I have been trying to find the shortest distance between $f(x)=e^x$ and $g(x)=\ln(x)$.
All methods I have seen include taking the $y=x$ line as the mirror and find a point on both curves which have same slope as the mirror ($1$ in this case).
Now this method is working only because it is a very specific case as the functions are inverse of each other. The general method would be to find a common normal between the two curves and calculate the distance from where the normal intersects them.
I am trying to apply this method for the given question but am getting unexpected results.
First I found derivatives for both curves, took their reciprocals, and multiplied them by a minus sign to get the slope of the normal:
$m_{f(x)normal}=-\frac{1}{e^x}$
$m_{g(x)normal}=-x$
Now, both these slopes must be equal in case of a common normal.
But equating them yields:
$xe^x=1$
This is far from the actual answer of $x=1$ and $x=0$ where the normal intersect the curves.
Where am I going wrong?
Best Answer
The slopes you have computed for the normal for each curve are correct, but it is not always necessary that they are equal for the same value of $x$.

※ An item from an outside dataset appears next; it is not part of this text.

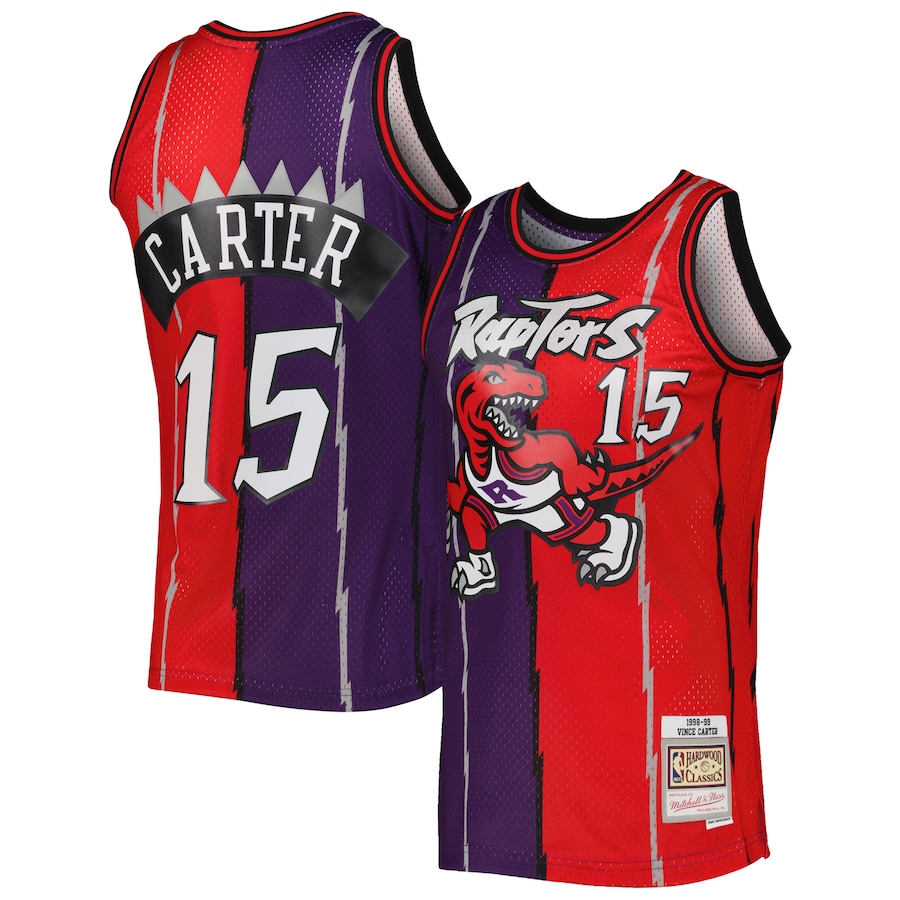 Men's Toronto Raptors Vince Carter Mitchell & Ness Purple/Red Hardwood Classics 1998/99 Split Swingman Jersey - Jersey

It must be the case that for some $x_1$, the slope of the normal at a point $(x_1, e^{x_1})$ on the curve $y=e^x$ is $-\frac{1}{e^{x_1}}$, which is equal to $(-x_2)$ which is the slope of the normal at another point $(x_2,\ln(x_2))$ on the curve $y= \ln x $.
Proceeding from this premise, we write the equations for the normal for $y=e^x$ and $y=\ln x$:
$$y-e^{x_1} = -\frac{1}{e^{x_1}}\cdot (x-x_1)$$
$$ y - \ln(x_2) = -x_2 \cdot (x-x_2)$$
Now, since these two equations represent the same normal, we equate the coefficients of $y$, $x$ and the constants. We obtain:
$$ 1 = 1$$
$$-\frac{1}{e^{x_1}} = -x_2 \tag1$$
and
$$ \frac{x_1}{e^{x_1}} + e^{x_1} = x_2^2 + \ln(x_2) \tag2$$
Using equation $(1)$, we rewrite rquation $(2)$ as:
$$ x_1 x_2 + \frac{1}{x_2} = x_2^2 + \ln(x_2)$$
From this, you can see that the values $x_1=0$ and $x_2=1$ satisfy the equations.